Flippy is an AI-powered robotic arm designed to handle some of the most tedious tasks in a quick-service restaurant (QSR) kitchen. From grilling patties to deep-frying fries, Flippy can work tirelessly, freeing up human staff for other tasks. Initially launched at White Castle in 2020, the newest iteration, Flippy 2, is smaller, faster, and more affordable. It’s not just about flashy tech—Flippy is about efficiency and consistency, two qualities highly prized in the fast-paced world of food service.
Economic Benefits for Restaurants
Beyond its cool factor, Flippy has the potential to reshape restaurant economics significantly. Labor shortages continue to plague the food service industry, increasing wages and operational costs. Miso Robotics sees its technology as a solution to these challenges, offering a way for restaurants to automate repetitive kitchen tasks and reduce reliance on human workers.
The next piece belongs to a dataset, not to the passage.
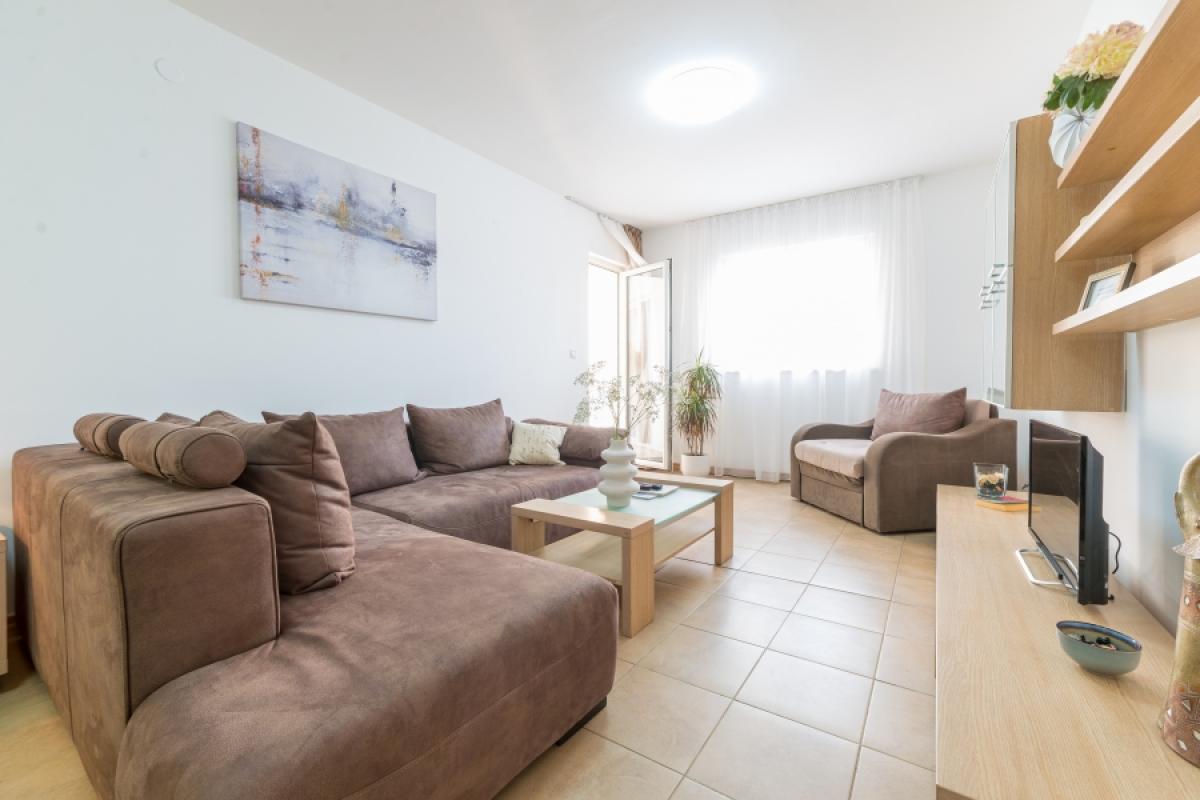 Prodaje se jednosoban stan 54 m2, Budva 8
While the upfront cost of installing a Flippy unit might seem steep, the long-term savings are clear. With Flippy, restaurants can reduce labor costs while improving kitchen output, especially during high-demand hours. Robots don’t need breaks, sick days, or overtime pay, making them an attractive option for businesses looking to stabilize their bottom lines in a challenging economic climate.
The Broader Impact on Jobs
While Flippy’s efficiency is good news for restaurant owners, it raises questions about job displacement. Automation is often viewed as a threat to low-wage jobs, and kitchen robots are no exception. However, Miso Robotics argues that its technology is meant to augment human labor, not replace it. By handling dangerous, repetitive tasks, Flippy allows employees to focus on higher-value roles like customer service and kitchen management.
In fact, as labor shortages persist, automation could be the key to helping the industry scale without compromising quality. By automating tedious tasks, restaurants can run with fewer employees while still keeping pace with rising consumer demand, especially in the fast food and delivery segments.
The Future of Automated Kitchens
Miso Robotics’ vision extends far beyond a few robots here and there. The company sees a future where Flippy is a standard feature in kitchens nationwide, reducing operational costs and boosting productivity for thousands of restaurants. It’s already gaining traction with chains like White Castle, and the ripple effects could be felt across the entire industry.
In a world where efficiency is vital, Flippy is more than just a flashy robot—it represents a fundamental shift in how we think about food service. And for Miso Robotics, that’s an economic game-changer.